Bill Maher Apologizes Again For N-Word; Ice Cube Says Slur “Like A Knife”

Update, with videos “It’s like a knife, man,” actor-musician Ice Cube told Bill Maher about the host’s use last week of the N-word. “When I hear my homies say it, it don’t feel like venom. When I hear a white person say it, it’s like a knife.”

“That’s our word now,” he continued, “and you can’t have it back.” (See video above).

The first episode of HBO’s Real Time With Bill Maher since Maher ignited a firestorm last Friday by jokingly referring to himself as a “house N-word,” Maher took the stage tonight to a standing ovation and shouts of “We love you Bill” from his loyal audience.
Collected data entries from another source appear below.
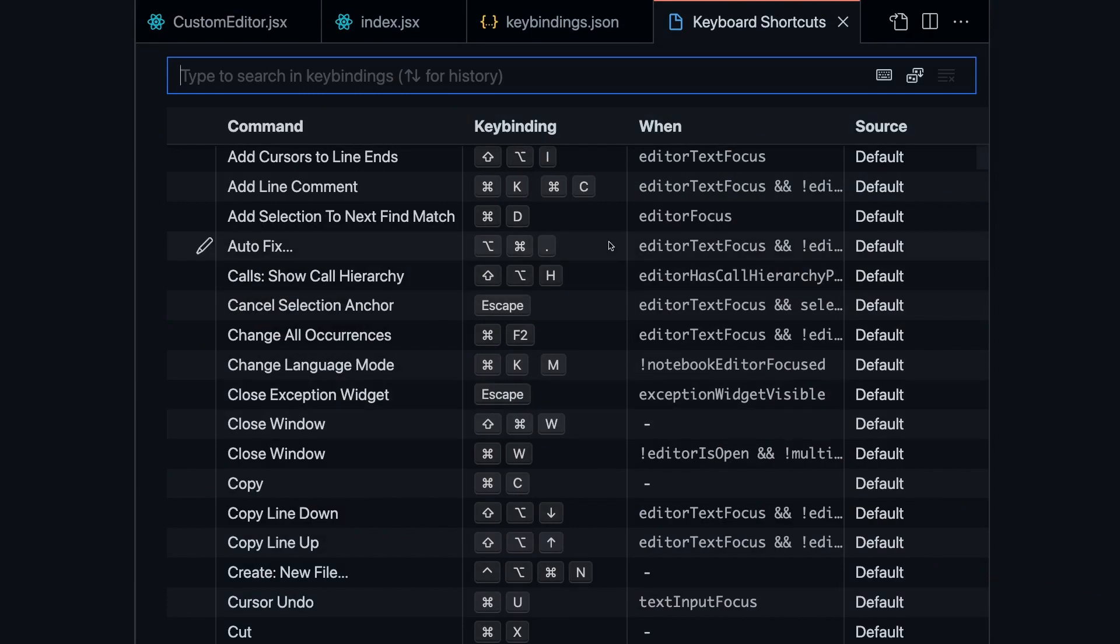In this developer productivity video, we're going to take a look at how to customize your keyboard shortcuts in Visual Studio Code.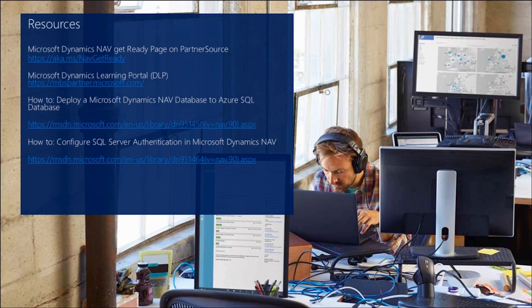Thank you for watching this video about deploying NAV databases to Azure SQL. This video was created in collaboration with Microsoft and the training center Platan.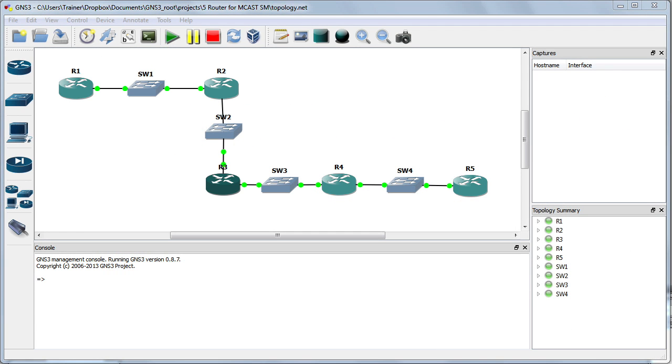Before we get deep into BSR, let's see the topology we'll be using in this nugget. You can see we have R1, R2, R3, R4, and R5. As a matter of fact, let's kind of refresh ourselves what's going on with this particular topology.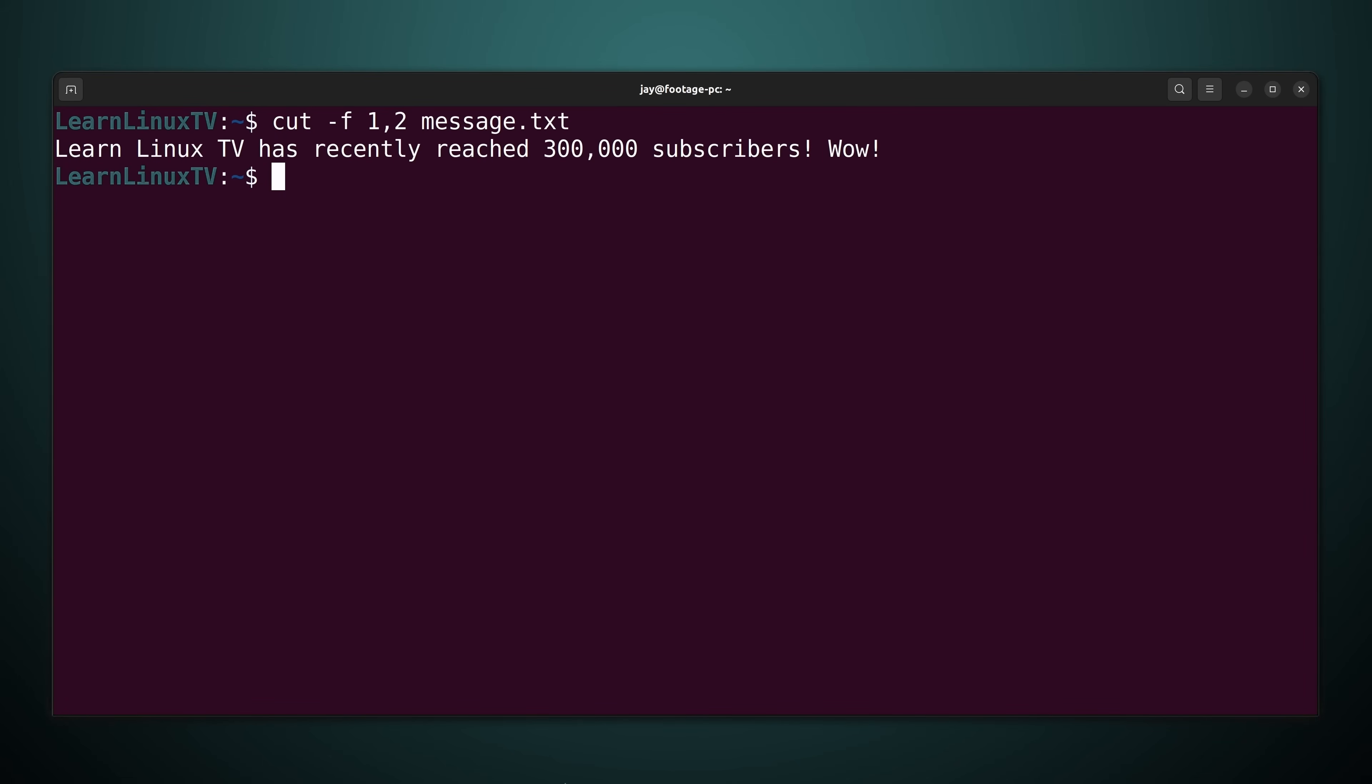Now the thing is though that might not have worked the way that you expected it to work. You might have thought that this is going to print the words learn and linux. You know fields one and two. But instead it printed the entire message. So why didn't that work?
“Thank you for letting a sinner in your midst,” Maher said. “Michael Eric Dyson will be out here shortly to take me to the woodshed.”
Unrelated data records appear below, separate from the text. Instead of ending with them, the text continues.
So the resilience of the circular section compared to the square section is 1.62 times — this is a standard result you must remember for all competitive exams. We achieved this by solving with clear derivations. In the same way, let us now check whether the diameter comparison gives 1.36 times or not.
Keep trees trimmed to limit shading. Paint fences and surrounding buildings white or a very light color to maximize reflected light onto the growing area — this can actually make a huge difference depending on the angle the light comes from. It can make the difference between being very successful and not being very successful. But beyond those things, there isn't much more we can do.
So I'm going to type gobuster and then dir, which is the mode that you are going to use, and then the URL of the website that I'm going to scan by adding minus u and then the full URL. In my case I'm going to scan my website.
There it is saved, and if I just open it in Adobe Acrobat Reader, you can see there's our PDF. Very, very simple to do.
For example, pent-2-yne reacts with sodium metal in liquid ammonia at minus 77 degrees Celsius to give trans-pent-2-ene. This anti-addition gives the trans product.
And so he did, as Maher and the author of Tears We Cannot Stop: A Sermon To White America launched into a discussion of race intended to clear the air after Maher crossed the line from politically incorrect to, as Dyson called it, the “unconscious reflex of white privilege.”

“I wanted you to come by here because I want you to school me,” Maher told Dyson. “I did a bad thing.”
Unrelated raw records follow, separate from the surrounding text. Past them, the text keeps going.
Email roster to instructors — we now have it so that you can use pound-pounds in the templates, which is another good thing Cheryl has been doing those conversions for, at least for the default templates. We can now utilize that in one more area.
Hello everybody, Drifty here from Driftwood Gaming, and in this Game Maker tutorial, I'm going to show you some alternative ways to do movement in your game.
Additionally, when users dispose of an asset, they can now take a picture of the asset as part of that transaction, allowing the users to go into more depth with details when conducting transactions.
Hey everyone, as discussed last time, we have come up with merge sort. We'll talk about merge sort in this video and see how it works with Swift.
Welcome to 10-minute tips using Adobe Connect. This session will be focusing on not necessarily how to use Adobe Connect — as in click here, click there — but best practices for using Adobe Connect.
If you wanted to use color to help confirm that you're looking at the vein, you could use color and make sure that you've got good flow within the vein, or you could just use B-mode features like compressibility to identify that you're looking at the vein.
“That’s a great place to begin, Bill,” Dyson said. “A very bad thing.”

Dyson told Maher that with today’s “resurgence” of racism — he referenced Steve Bannon and Jeff Sessions — it’s even more important for Maher to fight the “unconscious reflex.”

“My Bible tells me that to whom much is given,” Dyson said, “much is expected.”

Maher acknowledged “it doesn’t matter that it wasn’t said in malice” since the word “brought pain to people.”

“I’m not here to do that. I reiterate tonight, and that’s sincere. I’m not that big of an asshole.”

Maher also mentioned Kathy Griffin, “who by the way owes me a fruit basket for getting her off the front page.” Maher said “as much as I hate Trump,” Griffin was wrong to be photographed holding a fake, bloody decapitated head of the president. Still, he added, she “should not go away.”

“He broke me?” Maher said, quoting Griffin about Trump. “No, he didn’t.”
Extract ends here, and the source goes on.